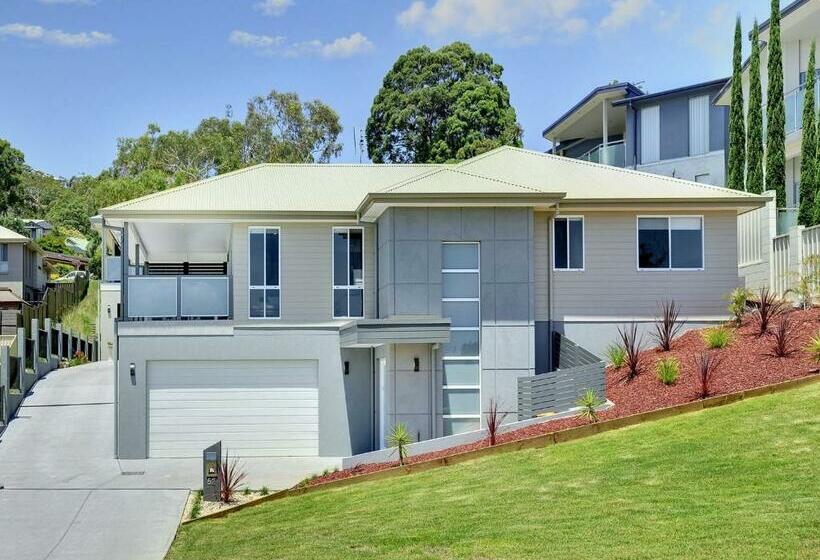 Signature House 52 Saratoga Avenue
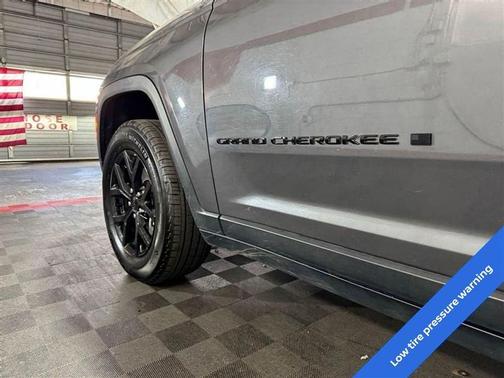 2024 Jeep Grand Cherokee L Laredo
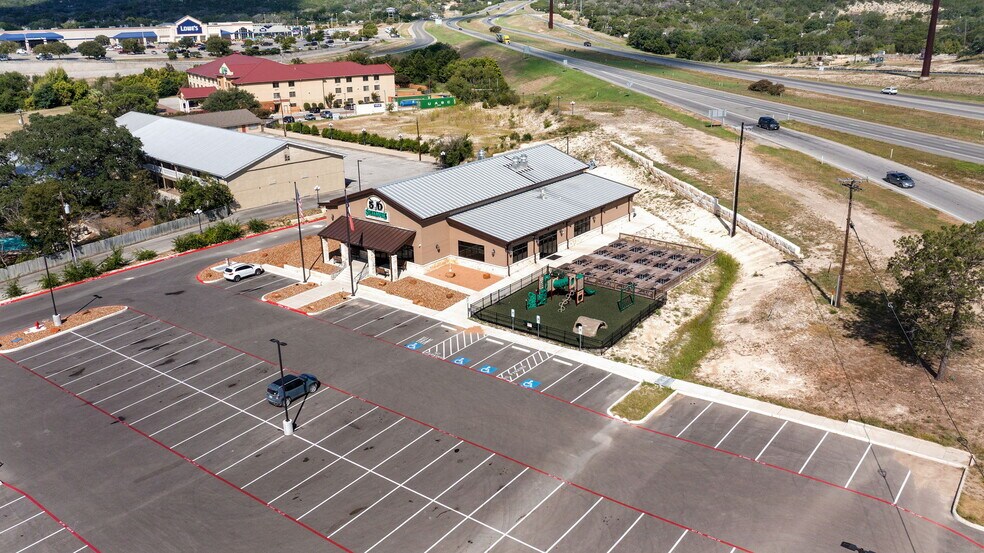 More Photos Of 2132 Sidney Baker St, Kerrville Land For Sale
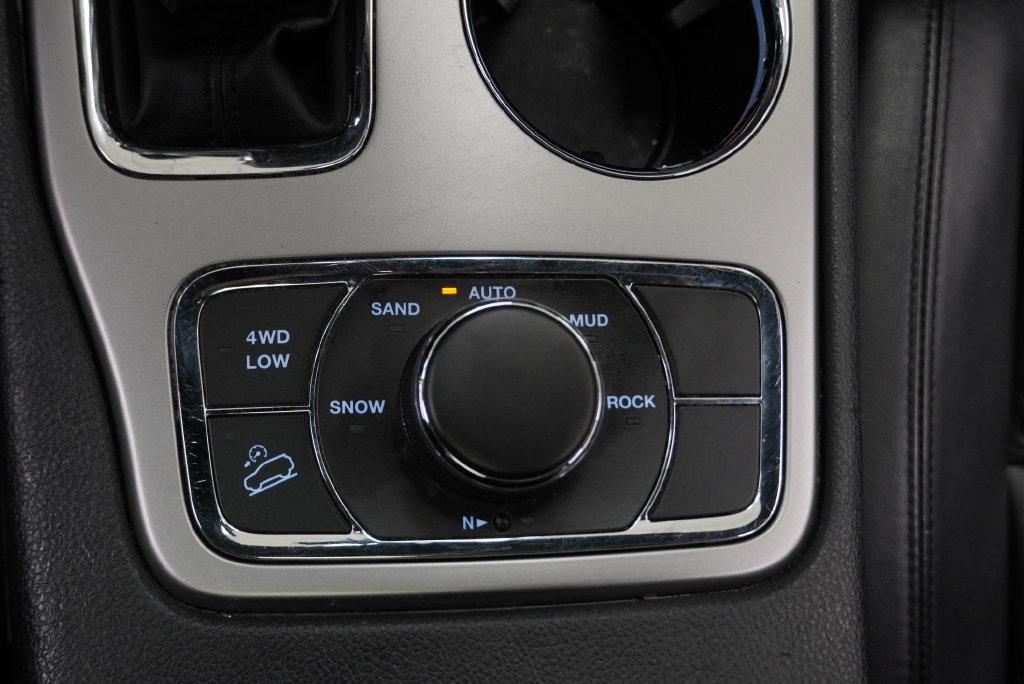 Used 2018 Jeep Grand Cherokee Limited AWD/4WD image 31
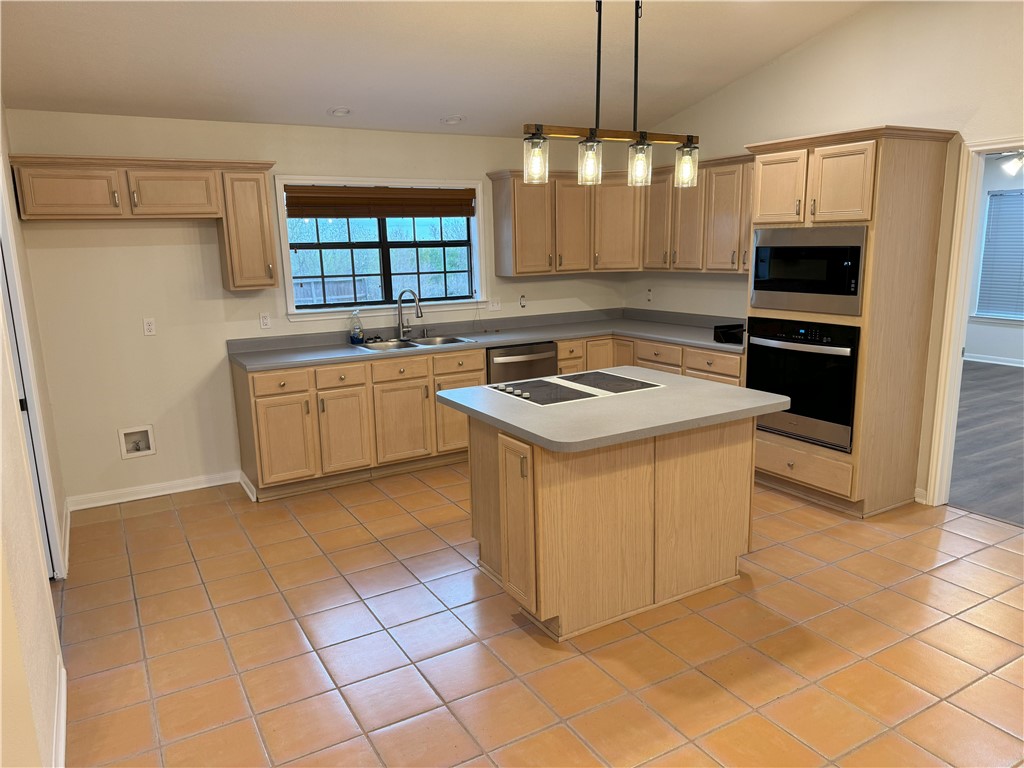 136 Lakeview, Three Rivers, TX 78071 — photo 3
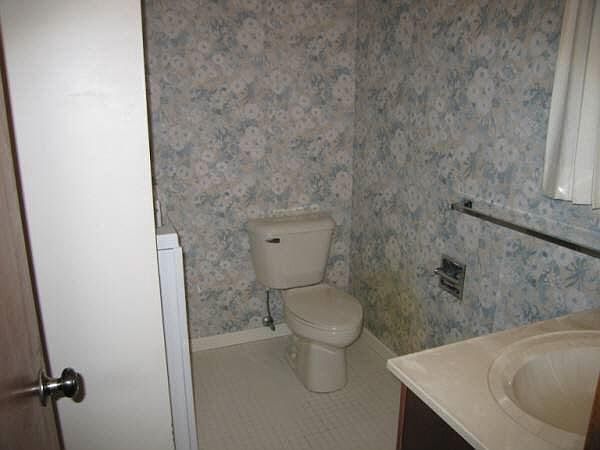 1st image of 3801 W Wintergreen Dr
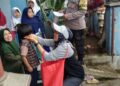Bhabinkamtibmas Polsek Sukalarang Dampingi Giat Posyandu Dalam Rangka Cegah Stunting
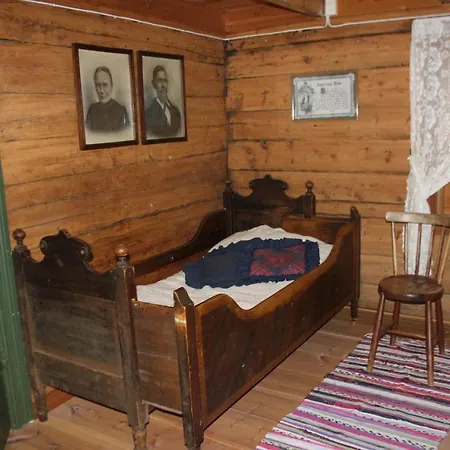 Сasa de vacaciones Fossane Gard, Autentiske Gardshus Pa Sauegard Hjelmeland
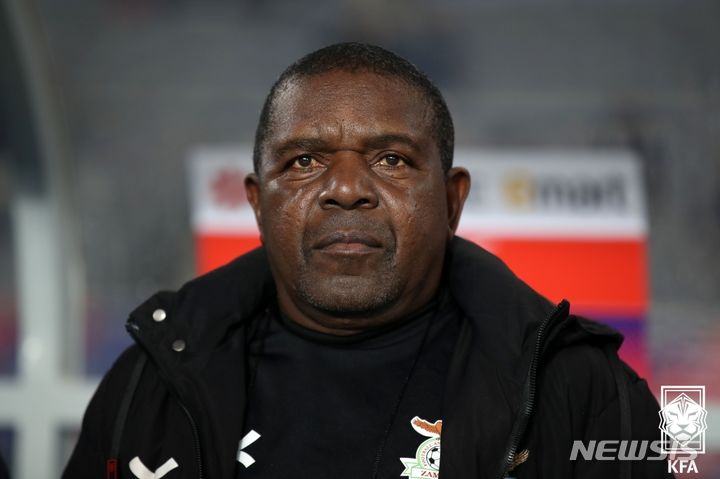 [서울=뉴시스]영국 언론 '가디언'은 5일(한국시간) 2023 FIFA 호주·뉴질랜드 여자월드컵에 출전한 잠비아의 브루스 엠와페(64) 감독이 훈련 도중 선수의 가슴을 만진 혐의를 받고 있다고 전했다. (사진 = 대한축구협회 제공)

===============

§ Exercise instructions:
Exclude all pictures and reproduce exactly the lines from the one containing "Bhabinkamtibmas Polsek Sukalarang" through the final line of the entries above.

§ Answer to this task:
Bhabinkamtibmas Polsek Sukalarang Dampingi Giat Posyandu Dalam Rangka Cegah Stunting
 Сasa de vacaciones Fossane Gard, Autentiske Gardshus Pa Sauegard Hjelmeland
 [서울=뉴시스]영국 언론 '가디언'은 5일(한국시간) 2023 FIFA 호주·뉴질랜드 여자월드컵에 출전한 잠비아의 브루스 엠와페(64) 감독이 훈련 도중 선수의 가슴을 만진 혐의를 받고 있다고 전했다. (사진 = 대한축구협회 제공)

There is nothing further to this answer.